I received the following from Dave Scott – “did a quick impromptu roost last night on the boardwalk for swallows. Minute I arrived could see the reedbed was buzzing with them feeding. Must have been a hatch of something. Literally tens of thousands filled the whole valley from the ground to hundreds of feet up! Anyway closed nets rapido as they started to go in but still ended up ringing 89 in total. Only six adults in that batch. Had zero bycatch of warblers so think most of the Reed and Sedge are gone now.”
A glorious, calm morning greeted me today with temperatures that would have been described as an “Indian summer” back in the days when the climate was more stable. Bird-wise, things were less favourable, although at least three Spotted Flycatchers and a Siskin indicated that there had been some passage overnight. Despite my best efforts these managed to avoid the nets all morning as did many of the other species present. I was expecting to pack up early again with only eighteen birds ringed in the first two hours. Unusually however, things picked up later in the morning and the total ended up at 50 birds, 47 of which were new: 15 Blackcap, 1 Cetti’s Warbler, 19 Chiffchaff, 1 Dunnock, 2 Goldcrest, 1 Greenfinch, 1 Great Tit, 5 Meadow Pipit and 4 Wren.
I think it is fair to say that autumn migration at SML this year has been less than spectacular with lower numbers and less variety than usual. So much so that it has taken me five days to summon up the enthusiasm to document my visit last Saturday when just 34 new birds were ringed: 3 Blackbird, 15 Blackcap, 1 Bullfinch, 4 Chiffchaff, 2 Dunnock, 2 Reed Warbler, 2 Robin, 2 Sedge Warbler, 2 Willow Warbler and 1 Wren.
Today started more promisingly with around 40 Blackcap and 30 Chiffchaff on site. The second bird in the net was a female Firecrest, the earliest autumn bird I have trapped at SML. After a brisk start things suddenly deteriorated when a tanker turned up at the STW at 8am and pumped very noisily for the next four hours, driving all the birds out of the area and forcing me to pack up at 11. The final total was just 36 new birds: 15 Blackcap, 1 Chaffinch, 9 Chiffchaff, 3 Dunnock, 1 Firecrest, 1 Reed Warbler, 5 Sedge Warbler and a Tree Pipit.
August has been a month of extremes with a heatwave at the start, followed rather unseasonally by two named storms, and concluding with one of the coldest bank holidays on record. It certainly felt more like the end of October when I arrived this morning.

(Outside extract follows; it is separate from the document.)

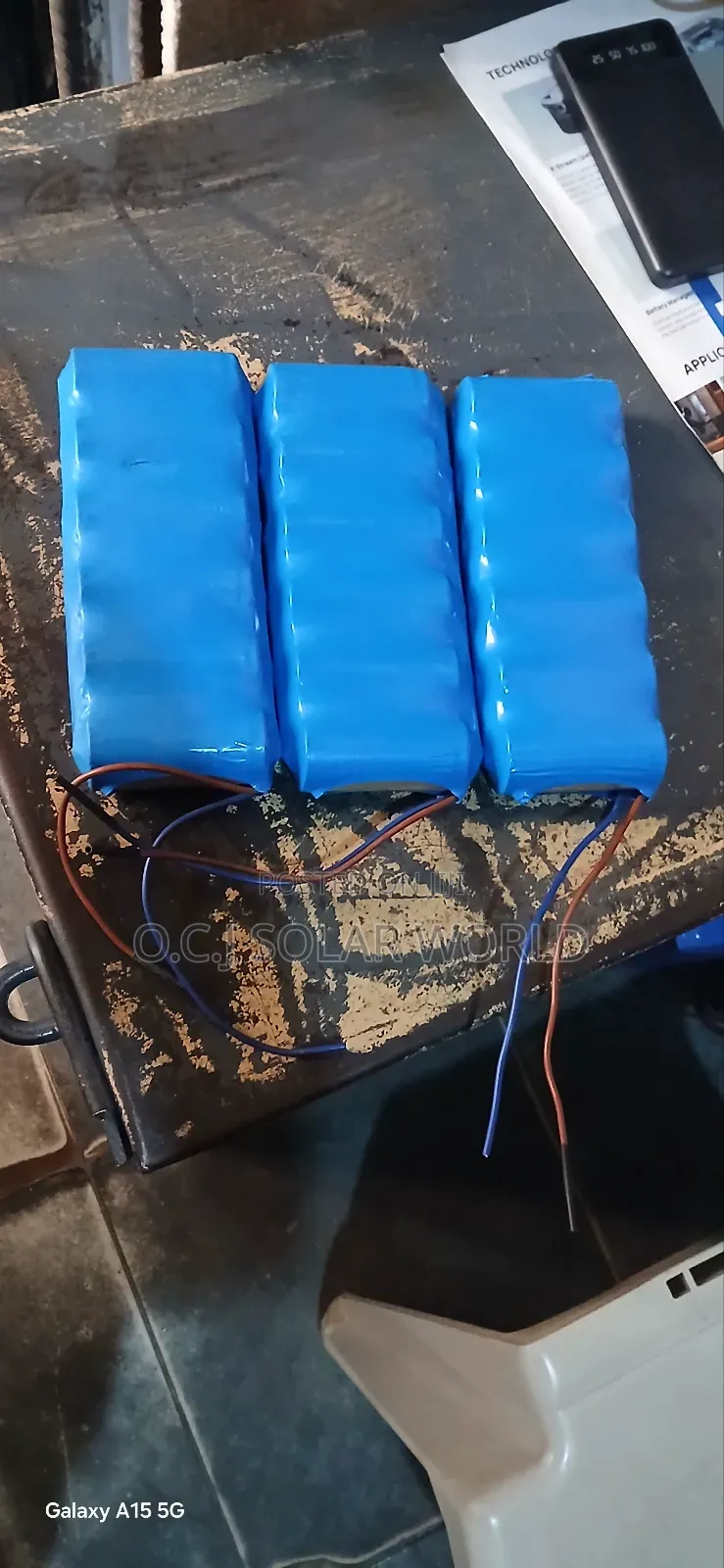 All In One 6 In One Solar Lithium Battery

With the weather so unsettled and a busy diary I have to grab whatever opportunity arises to ring at South Milton but the heavy rain since my last visit had flattened a lot of vegetation into Marsh Ride, which had to be cleared before I could get the nets up. It always seems to take longer than I expect and what should be a thirty-minute job can sometimes take nearly an hour.
Nevertheless, with sunrise at 06:30, the first birds were being processed by 07:30. Nothing spectacular to report with the reedbed proving particularly quiet. However, the nets around the perimeter were more productive producing a steady catch of, mostly male, Blackcaps together with a few Willow Warblers and Chiffs. Highlights of the day were two Tree Pipits, my first Whitethroat for the year and a single juvenile Linnet caught in the reedbed!
On a non-avian note, I spotted a new plant species for the reserve, growing out of one of the perimeter paths, Cyperus eragrostis or Pale Galingale, a non-native garden escape.
58 new birds of 12 species: 28 Blackcap, 1 Blue Tit, 5 Chiffchaff, 1 Dunnock, 1 Linnet, 6 Reed Warbler, 1 Robin, 1 Sedge Warbler, 2 Tree Pipit, 1 Whitethroat, 7 Willow Warbler and 4 Wren.